The group had some success, but Barack had come to realize
that in order to truly improve the lives of people in that
community and other communities, it would take not just a
change at the local level, but a change in our laws and in
our politics.
He went on to earn his law degree from Harvard in 1991,
where he became the first African-American president of the
Harvard Law Review. Soon after, he returned to Chicago to
practice as a civil rights lawyer and teach constitutional
law. Finally, his advocacy work led him to run for the Illinois
State Senate, where he served for eight years. In 2004, he
became the third African American since Reconstruction to
be elected to the U.S. Senate.
Political Career
It has been the rich and varied experiences of Barack Obama's
life - growing up in different places with people who had
differing ideas - that have animated his political journey.

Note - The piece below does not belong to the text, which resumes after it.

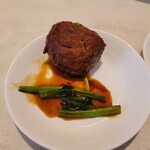 高山庭 - 紅焼獅子頭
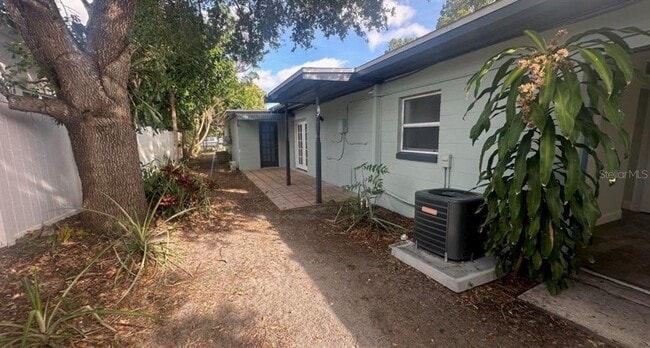 Building Photo - 974 Jamajo Blvd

Amid the partisanship and bickering of today's public debate,
he still believes in the ability to unite people around a
politics of purpose - a politics that puts solving the challenges
of everyday Americans ahead of partisan calculation and political
gain.
In the Illinois State Senate, this meant working with both
Democrats and Republicans to help working families get ahead
by creating programs like the state Earned Income Tax Credit,
which in three years provided over $100 million in tax cuts
to families across the state. He also pushed through an expansion
of early childhood education, and after a number of inmates
on death row were found innocent, Senator Obama worked with
law enforcement officials to require the videotaping of interrogations
and confessions in all capital cases.
In the U.S. Senate, he has focused on tackling the challenges
of a globalized, 21st century world with fresh thinking and
a politics that no longer settles for the lowest common denominator.

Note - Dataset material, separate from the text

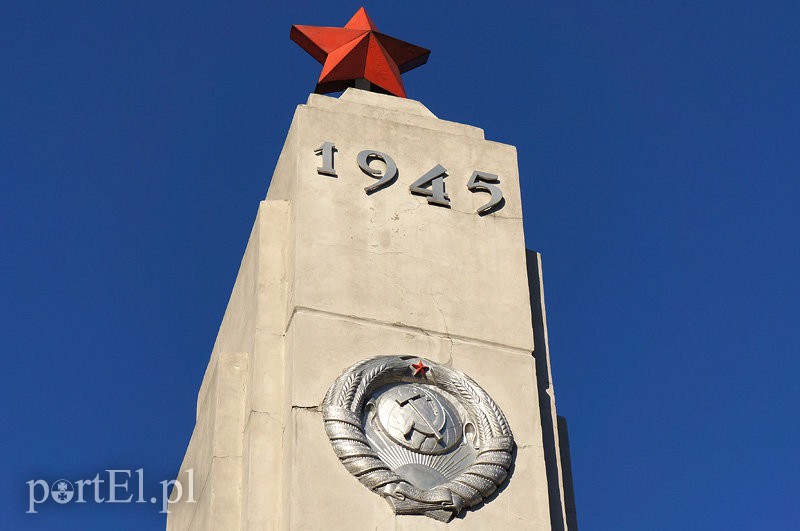 Elbląg, Pomnik żołnierzy Armii Czerwonej stoi na cmentarzu przy ul. Agrykoli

His first law was passed with Republican Tom Coburn, a measure
to rebuild trust in government by allowing every American
to go online and see how and where every dime of their tax
dollars is spent. He has also been the lead voice in championing
ethics reform that would root out Jack Abramoff-style corruption
in Congress.
As a member of the Veterans' Affairs Committee, Senator
Obama has fought to help Illinois veterans get the disability
pay they were promised, while working to prepare the VA for
the return of the thousands of veterans who will need care
after Iraq and Afghanistan. Recognizing the terrorist threat
posed by weapons of mass destruction, he traveled to Russia
with Republican Dick Lugar to begin a new generation of non-proliferation
efforts designed to find and secure deadly weapons around
the world. And knowing the threat we face to our economy
and our security from America's addiction to oil, he's working
to bring auto companies, unions, farmers, businesses and
politicians of both parties together to promote the greater
use of alternative fuels and higher fuel standards in our
cars.
Whether it's the poverty exposed by Katrina, the genocide
in Darfur, or the role of faith in our politics, Barack Obama
continues to speak out on the issues that will define America
in the 21st century. But above all his accomplishments and
experiences, he is most proud and grateful for his family.